Re: complex analysis Q

pindu12@xxxxxxxxxxxxx wrote:

i have a theorem in my notes

suppose f:D--->Complex number where D is a connected domain
suppose f cts then the following are equivalent

1) f has an anti derivative F in D s.t F ' = f
2) integral f(z) dz only depends on end points
3) integral f(z) dz =0 for any CLOSED path

well i see (2) <=> (3)
but i dont see if (1) is true then (3) is
take for example f(z)=1/z on the domain C/{0}
it is cts, and has an antiderivative (ln(z) ? )
but any closed paths DO NOT have integral 0

No, f(z) = 1/z has no antiderivative in C\{0}. What's ln(z)?
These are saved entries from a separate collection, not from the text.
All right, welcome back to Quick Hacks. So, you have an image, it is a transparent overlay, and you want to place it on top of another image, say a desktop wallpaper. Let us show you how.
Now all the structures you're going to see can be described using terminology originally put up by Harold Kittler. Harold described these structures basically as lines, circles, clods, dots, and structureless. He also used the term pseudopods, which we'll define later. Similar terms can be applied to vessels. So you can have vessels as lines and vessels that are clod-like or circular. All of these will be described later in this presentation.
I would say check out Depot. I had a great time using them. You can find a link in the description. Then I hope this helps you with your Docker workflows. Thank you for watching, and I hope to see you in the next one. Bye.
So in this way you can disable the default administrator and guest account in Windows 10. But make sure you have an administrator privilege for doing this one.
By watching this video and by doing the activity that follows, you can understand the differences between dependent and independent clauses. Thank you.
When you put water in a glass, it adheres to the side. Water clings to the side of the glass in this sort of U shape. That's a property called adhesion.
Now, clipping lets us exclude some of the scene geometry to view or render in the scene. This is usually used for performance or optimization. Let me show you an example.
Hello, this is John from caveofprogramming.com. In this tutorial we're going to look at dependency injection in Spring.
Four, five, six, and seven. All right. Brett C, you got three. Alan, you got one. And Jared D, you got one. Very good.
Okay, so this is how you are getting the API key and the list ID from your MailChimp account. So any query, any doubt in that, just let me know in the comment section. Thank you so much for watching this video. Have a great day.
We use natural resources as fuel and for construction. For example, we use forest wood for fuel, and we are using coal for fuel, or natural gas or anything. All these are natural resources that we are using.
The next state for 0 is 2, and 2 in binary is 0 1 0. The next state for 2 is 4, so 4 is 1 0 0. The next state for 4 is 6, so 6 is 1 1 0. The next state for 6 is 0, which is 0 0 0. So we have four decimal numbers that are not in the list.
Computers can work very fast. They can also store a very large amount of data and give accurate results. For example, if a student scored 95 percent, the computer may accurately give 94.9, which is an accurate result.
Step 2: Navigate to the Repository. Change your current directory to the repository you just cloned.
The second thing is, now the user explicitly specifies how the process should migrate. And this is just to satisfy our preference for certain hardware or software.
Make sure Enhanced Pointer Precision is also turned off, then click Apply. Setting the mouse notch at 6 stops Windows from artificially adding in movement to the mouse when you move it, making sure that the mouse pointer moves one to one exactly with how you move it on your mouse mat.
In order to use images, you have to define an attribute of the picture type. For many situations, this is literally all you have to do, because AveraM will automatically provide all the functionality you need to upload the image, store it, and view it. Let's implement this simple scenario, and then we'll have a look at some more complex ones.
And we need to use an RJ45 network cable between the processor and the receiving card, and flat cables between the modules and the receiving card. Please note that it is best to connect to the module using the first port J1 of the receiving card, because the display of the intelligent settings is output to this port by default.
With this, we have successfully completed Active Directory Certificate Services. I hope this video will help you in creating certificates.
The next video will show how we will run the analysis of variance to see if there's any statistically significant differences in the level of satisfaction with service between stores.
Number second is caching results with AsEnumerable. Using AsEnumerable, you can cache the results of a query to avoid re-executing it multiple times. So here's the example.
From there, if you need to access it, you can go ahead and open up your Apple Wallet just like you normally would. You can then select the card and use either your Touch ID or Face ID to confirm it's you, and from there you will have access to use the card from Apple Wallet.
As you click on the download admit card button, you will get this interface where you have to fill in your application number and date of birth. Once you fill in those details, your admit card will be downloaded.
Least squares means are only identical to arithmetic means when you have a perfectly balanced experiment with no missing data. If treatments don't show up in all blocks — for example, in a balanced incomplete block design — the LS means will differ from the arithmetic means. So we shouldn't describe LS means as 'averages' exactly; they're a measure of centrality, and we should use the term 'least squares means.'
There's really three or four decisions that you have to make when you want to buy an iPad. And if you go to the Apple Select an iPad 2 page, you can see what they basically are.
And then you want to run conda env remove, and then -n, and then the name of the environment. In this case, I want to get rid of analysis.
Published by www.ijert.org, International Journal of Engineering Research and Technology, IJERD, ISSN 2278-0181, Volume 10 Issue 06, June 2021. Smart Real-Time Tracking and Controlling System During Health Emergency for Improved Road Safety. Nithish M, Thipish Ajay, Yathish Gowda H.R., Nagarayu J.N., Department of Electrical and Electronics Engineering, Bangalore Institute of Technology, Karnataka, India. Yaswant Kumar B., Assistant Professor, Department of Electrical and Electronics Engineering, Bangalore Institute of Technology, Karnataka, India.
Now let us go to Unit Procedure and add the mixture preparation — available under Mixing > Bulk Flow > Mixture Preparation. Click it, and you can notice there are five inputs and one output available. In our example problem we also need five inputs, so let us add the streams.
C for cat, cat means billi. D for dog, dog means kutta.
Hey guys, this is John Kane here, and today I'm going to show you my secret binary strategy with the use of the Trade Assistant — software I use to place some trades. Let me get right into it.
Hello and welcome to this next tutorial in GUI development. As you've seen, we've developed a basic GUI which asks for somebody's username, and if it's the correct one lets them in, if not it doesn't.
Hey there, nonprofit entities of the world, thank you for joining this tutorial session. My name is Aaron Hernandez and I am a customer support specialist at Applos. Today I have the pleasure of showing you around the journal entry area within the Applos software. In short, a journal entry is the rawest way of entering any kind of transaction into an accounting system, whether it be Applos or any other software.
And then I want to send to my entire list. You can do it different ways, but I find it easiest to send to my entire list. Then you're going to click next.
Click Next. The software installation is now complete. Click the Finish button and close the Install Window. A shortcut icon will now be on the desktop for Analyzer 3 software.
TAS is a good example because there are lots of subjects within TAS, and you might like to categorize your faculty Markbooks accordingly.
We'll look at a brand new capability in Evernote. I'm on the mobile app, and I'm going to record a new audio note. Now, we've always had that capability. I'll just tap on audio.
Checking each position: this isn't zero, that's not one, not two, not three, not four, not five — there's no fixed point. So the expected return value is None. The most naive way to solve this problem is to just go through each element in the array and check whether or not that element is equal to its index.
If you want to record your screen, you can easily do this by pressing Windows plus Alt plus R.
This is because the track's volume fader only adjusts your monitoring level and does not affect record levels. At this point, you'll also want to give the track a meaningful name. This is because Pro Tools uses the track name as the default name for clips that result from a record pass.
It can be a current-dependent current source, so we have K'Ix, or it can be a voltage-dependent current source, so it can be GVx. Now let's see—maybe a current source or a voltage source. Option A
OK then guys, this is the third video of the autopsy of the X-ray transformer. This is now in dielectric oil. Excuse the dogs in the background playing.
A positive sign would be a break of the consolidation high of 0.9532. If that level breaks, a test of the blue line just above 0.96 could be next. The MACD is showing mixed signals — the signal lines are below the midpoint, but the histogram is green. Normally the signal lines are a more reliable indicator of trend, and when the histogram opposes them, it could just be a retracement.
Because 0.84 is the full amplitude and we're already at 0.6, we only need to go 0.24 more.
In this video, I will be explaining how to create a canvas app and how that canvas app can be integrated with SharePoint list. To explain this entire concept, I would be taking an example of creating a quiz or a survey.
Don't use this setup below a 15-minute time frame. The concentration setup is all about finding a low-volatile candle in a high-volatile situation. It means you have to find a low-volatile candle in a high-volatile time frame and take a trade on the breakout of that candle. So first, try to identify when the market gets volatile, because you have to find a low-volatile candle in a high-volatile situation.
Note that when a function _f_ has an antiderivative F, then, for
every path _g_ defined on an interval [a,b], the integral of _f_ along
_g_ is equal to F(g(b)) - F(g(a)). This proves that 1) => 2). On the
other hand, if 2) holds then fix some _w_ in D and define F(z) as the
integral of _f_ along some path which goes from _w_ to _z_; this
makes sense because you're assuming 2). Well, it turns out that F is an
antiderivative of _f_. So, 2) => 1).

Best regards,

Jose Carlos Santos
.